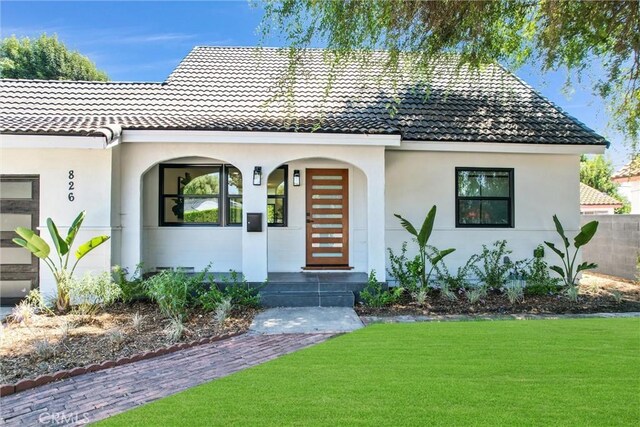 mediterranean / spanish-style house with a front lawn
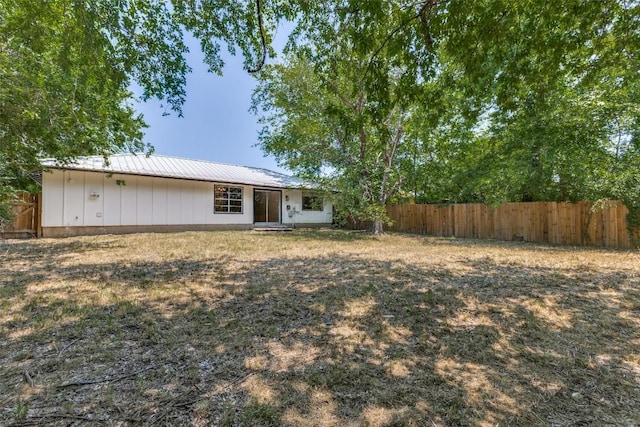 4709 Brassiewood Dr, Austin, TX 78744 - rear view of property featuring metal roof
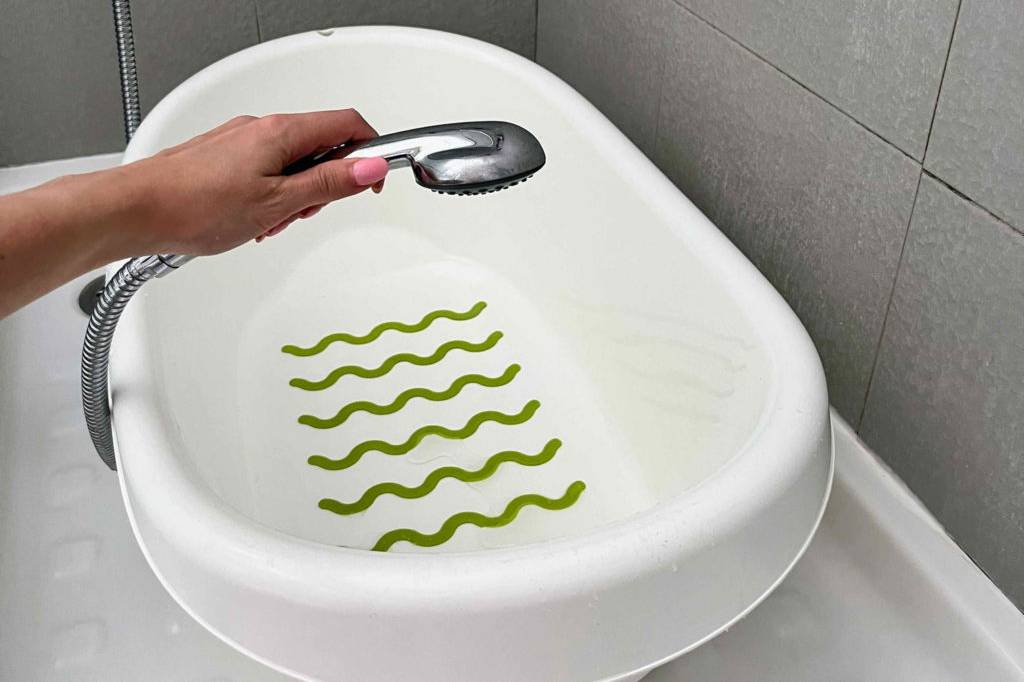 Babybadewanne im Test: Badewanne wird mithilfe von einem Duschkopf mit Wasser aufgefüllt. 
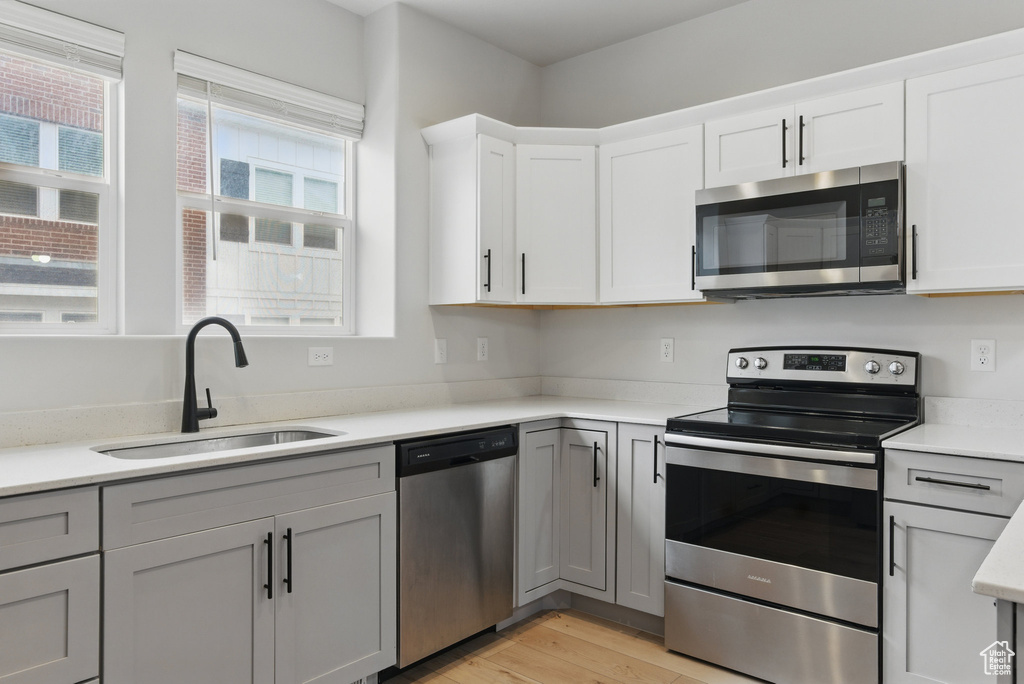 Kitchen with appliances with stainless steel finishes, a sink, light wood-style flooring, light countertops, and white cabinets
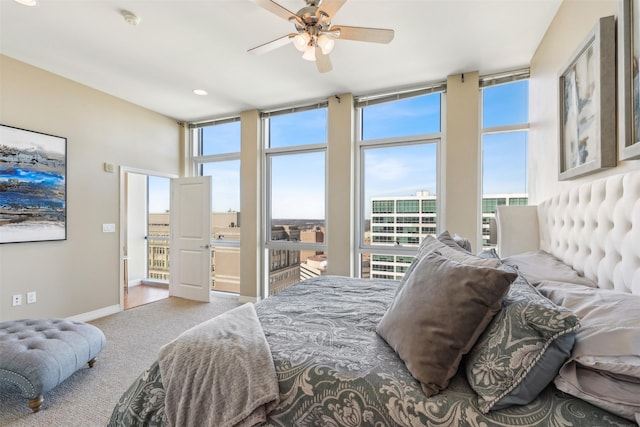 bedroom featuring multiple windows, ceiling fan, carpet, and ensuite bathroom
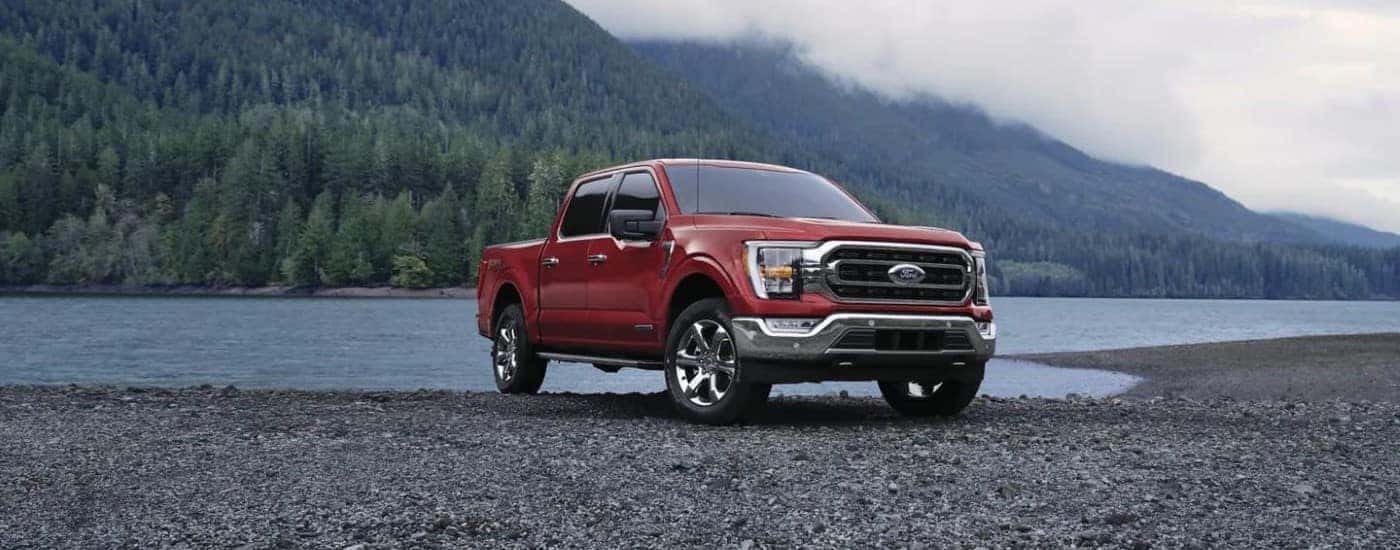 A red 2023 Ford F-150 parked near a lake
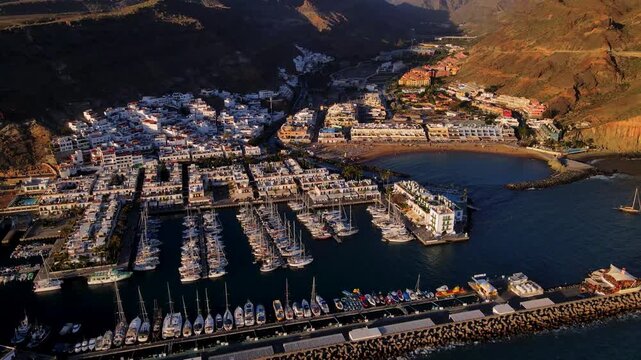 Sunset glow over the white houses and the marina in Puerto de Mogan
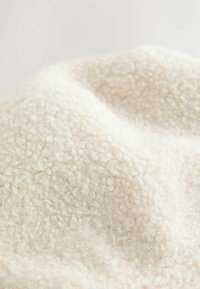 Cream-colored fleece fabric showcasing a soft, curly texture with a slightly shiny finish. The material appears plush and thick.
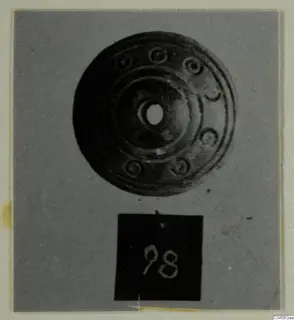 Disc-shaped object with a central hole and concentric rings, from Enkomi Tomb 6, shown with a number label.
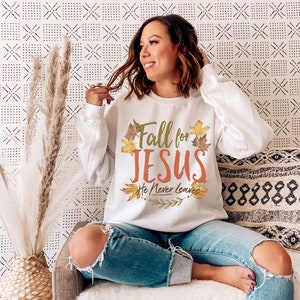 May include: White long-sleeve sweatshirt with the text "Fall for JESUS He Never Leaves" in orange and green, surrounded by fall leaves. The sweatshirt is a comfortable, casual style.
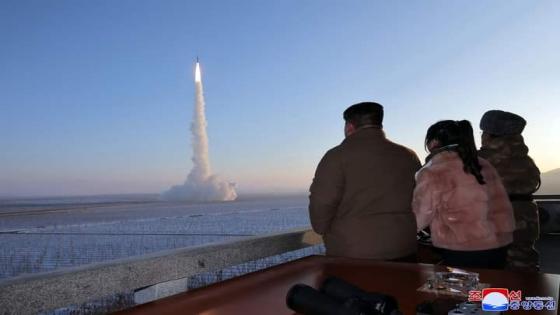 This undated picture released by North Korea's official Korean Central News Agency (KCNA) on December 19, 2023 shows North Korean leader Kim Jong Un (L) and his daughter watching the test launch of a Hwasongpho-18 intercontinental ballistic missile (ICBM) at an undisclosed location in North Korea. - North Korean leader Kim Jong Un personally oversaw this week's test launch of the country's most powerful solid-fuel intercontinental ballistic missile, which has the potential to reach the United States, state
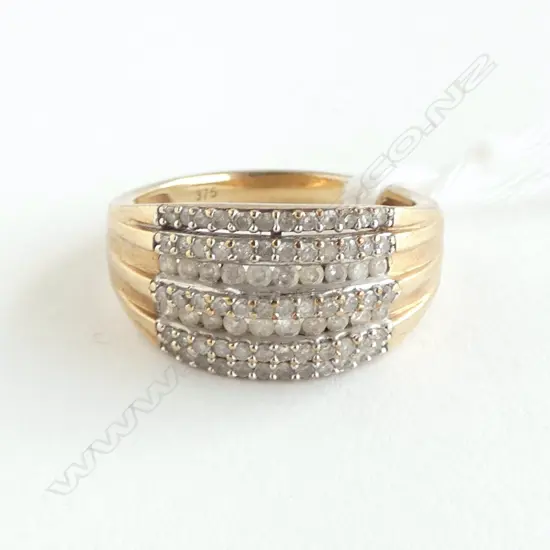 9ct Y/GOLD & MULTI small DIAMOND 7 band RING 3.78gms. SIZE N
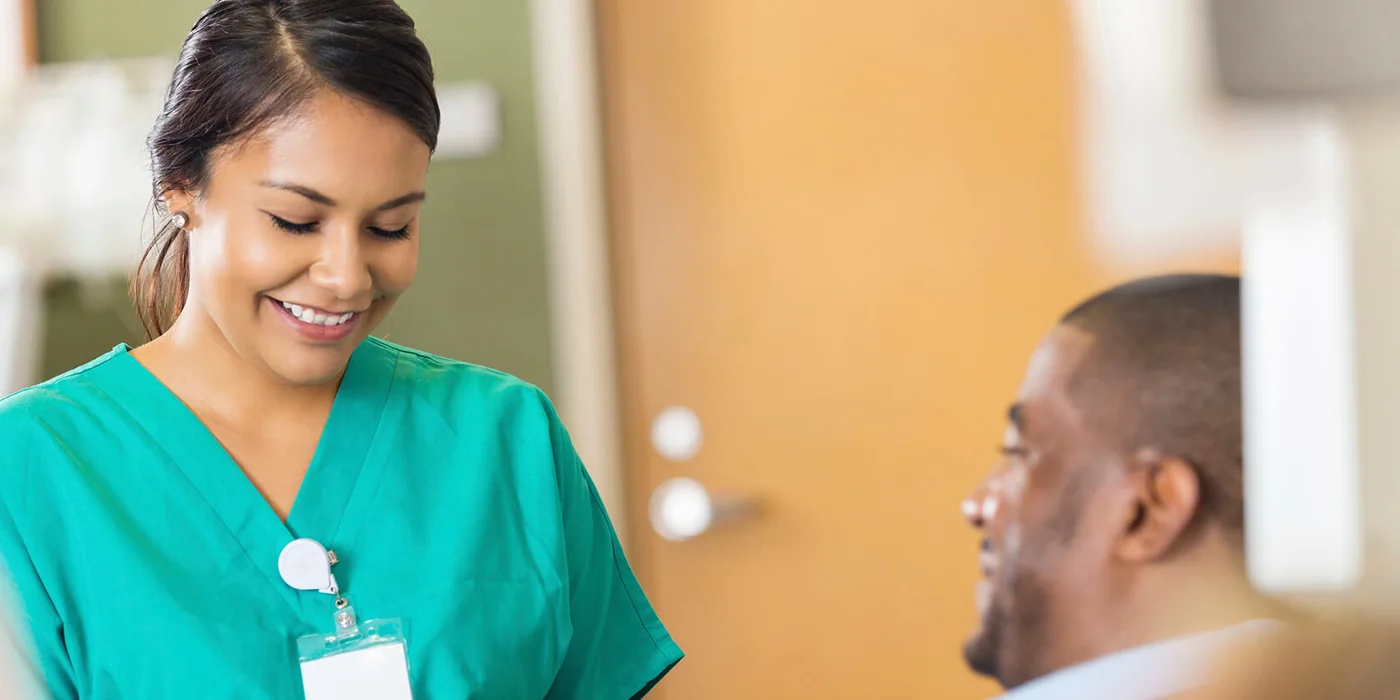 A nurse in scrubs smiling as she speaks with a resident at the bedside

WHAT NEEDS TO BE DONE: Please transcribe exactly the part of the records that opens with the line containing "4709 Brassiewood Dr, Austin, TX" and closes with the line containing "Kitchen with appliances", both ends included, and leave out the pictures.

EXERCISE RESULT:
 4709 Brassiewood Dr, Austin, TX 78744 - rear view of property featuring metal roof
 Babybadewanne im Test: Badewanne wird mithilfe von einem Duschkopf mit Wasser aufgefüllt. 
 Kitchen with appliances with stainless steel finishes, a sink, light wood-style flooring, light countertops, and white cabinets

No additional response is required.